→ **SUPPLIED DATA**
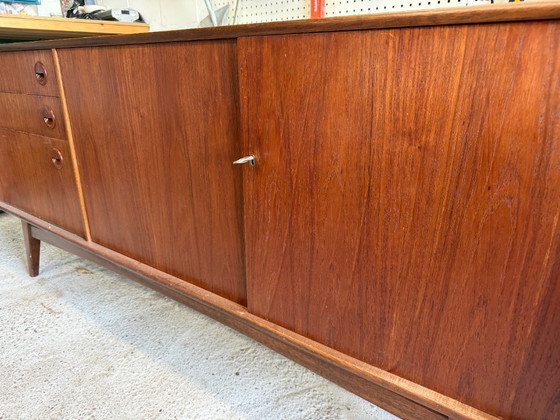 Mid-Century Modern Teak Sideboard (1960s) – Wood (photo 3 of 10)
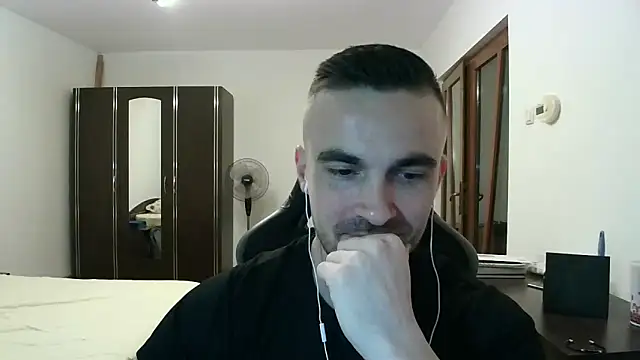 Snapshot of mu5clemania2 chatting on November 24, 2025, 5:46 pm mu5clemania2 online show from November 24, 2025, 5:46 pm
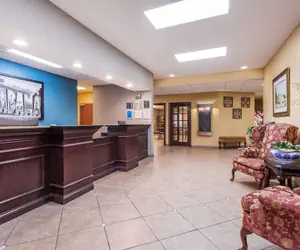 Photo 2 - Super 8 by Wyndham Rainsville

→ **WHAT YOU SHOULD DO**
From the line that holds "Snapshot of mu5clemania2" down to the last line of the material above, every line is to be copied exactly, both ends included; pictures are to be omitted.

→ **WRITTEN SOLUTION**
 Snapshot of mu5clemania2 chatting on November 24, 2025, 5:46 pm mu5clemania2 online show from November 24, 2025, 5:46 pm
 Photo 2 - Super 8 by Wyndham Rainsville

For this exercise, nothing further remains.